Prof. Dr. Rehat Faikoğlu – İSTANBUL

Paylaş
 

 

İstanbul’u dinliyorum gözlerim kapalı demişti şair Orhan Veli. Ben ise gözlerim açık dinliyorum İstanbul’un çığlıklarını.

İçim parçalanıyor, uykularım kaçıyor bu çığlıklardan. Ambülans sesi değil , itfaiye sireni hiç değil. Taşı toprağı altın diye gelinen İstanbul’da, duyulan seslerin ne su sesi, ne para sesi nede kaynanamın son nefesi olmadığı aşikâr. Düpedüz aşikâr. Düpe düz İstanbul’un yüzümüze haykırışları.

Üç imparatorluğa başkentlik yapmış tarih dolu, hatıra dolu, güzellik dolu bu doğa harikası ölmüş de ağlayanı yok.

Sabah kalkınca ah bu ne güzel bir keşmekeşlik, ne güzel bir planlama bozukluğu diyerek evvela seke seke arabanızın yanına gidiyor ve serüveniniz başlıyor.
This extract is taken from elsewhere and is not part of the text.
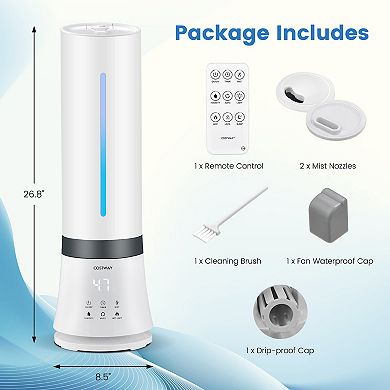 5.5L Cool Mist Humidifiers with Remote Control and 12 Hours Timer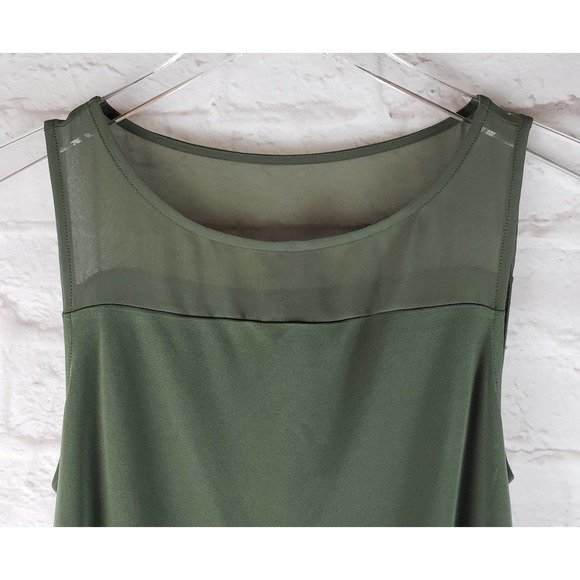 Ann Taylor Petite Sleeveless Ruched Sides Top ~ Dark Green ~ XS / Extra Small - Picture 6 of 10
Seke seke gidiyorsunuz çünkü her tarafta kazılmış yollardaki bakımlar mütemadiyen devam etmektedir(!) Fifilerin, finoların kakalarına, medeniyet simgesi(!) olan yollara atılmış balgamlara basmamak için İstanbul sokaklarında mehter takımı gibi yürümek lazım. İsterseniz bolero dansı yapın.

Eşsiz güzellikte olan trafik keşmekeşine mi daldınız?

Kolay gelsin. Her gün üretime dönüştürülebilecek saatlerce verimli zaman, trafik tıkanıklıkları nedeniyle kaybedilmektedir. Ticari hayat etkilenmektedir. Toplu ulaşım hizmetleri düşük hızlara inmekte ve servis kayıpları ortaya çıkmaktadır. Hız düşünce motorlu araçlar en yüksek düzeyde egzoz gazı yaymaya başlamaktadır. Böylece bu olguların yaşandığı yollar boyunca yaşam kalitesi hızla düşüş göstermektedir.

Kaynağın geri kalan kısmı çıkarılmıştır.